The vibe Zombie wanted most: visually wild. It was enough to make him go with just back story flashes of the Salem witch trials, history that he researched heavily, but that he felt might come across as staid. Shooting on location was a must, given the city’s strong sense of place. But, he says, “the more I learned about the witch trials, the more I knew I didn’t want to make one more factually accurate movie.” (Between Zombie’s upbringing in Haverhill and his tats-dreads-and-scars rock persona, you picture him being a lifelong authority on Salem, but his familiarity seems more casual — greater than a trolley tour rider’s, less than a Wiccan townie’s.) “The movie basically would have been a bunch of people in Puritan clothes hanging each other,” he says. “I wanted to take things further.”

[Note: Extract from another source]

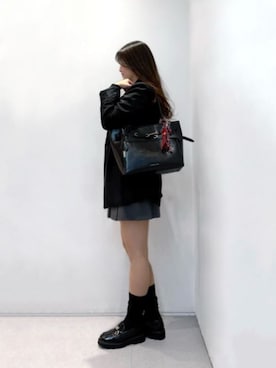 「CHARLES & KEITH（チャールズ & キース）のアイテム（キーケース/キーアクセサリー）」を使った、CHARLES & KEITHさん（レディース・160cm）の春コーディネート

As usual, he managed to find a collection of actors surprisingly willing to go there with him, some making a cult-pleasing genre encore, others making us wonder if they signed up on a lark. There’s Meg Foster, venturing back to Hester Prynne’s world — sort of — as 17th-century grand witch Margaret Morgan, all creepy incantations and grimy nudity. There’s Patricia Quinn (Magenta of “Rocky Horror Picture Show” fame), as one of Morgan’s diabolically cultured contemporary disciples, urging Heidi to submit to arcane lusts in language that might make Dr. Frank-N-Furter blush. And OK, Zombie concedes, maybe it did take a little doing to get Quinn to the set from her London home to purr those lines — but only because of pesky visa issues.
Taking the phone handoff from her husband, Sheri is quick to note that as much as his movies are about atmosphere, Zombie has an “actor’s director” approach that’s also integral to their skewed tone. In his first couple of efforts, this involved encouraging cult figures such as Sid Haig and Bill Moseley to do their mad, manic thing. In “Salem,” we see it in touches such as Heidi’s on-air patter with her fellow DJs, and an amusing snippet of her continuing on with Berlitz French tapes even while downward-spiraling to hell. “Rob likes characters that [have aspects of] real people, because they become real to him when he’s creating them,” she says. “I think that’s what separates him from horror directors or writers who are just out for the blood and guts. His stories aren’t just, Scream! Jump! Blood! People can invest in his characters.”
This could really come into play in the project he’s gearing up for next, the hockey feature “Broad Street Bullies,” about the bruising Philadelphia Flyers of the ’70s. (What, no Bruins love from the Haverhill guy? “More interesting story,” he shrugs.) The choice might be even more surprising if we hadn’t already caught Zombie dabbling in the mainstream with a 2010 directing gig on “CSI: Miami” — for an episode featuring a porn king’s occult bacchanal, but still.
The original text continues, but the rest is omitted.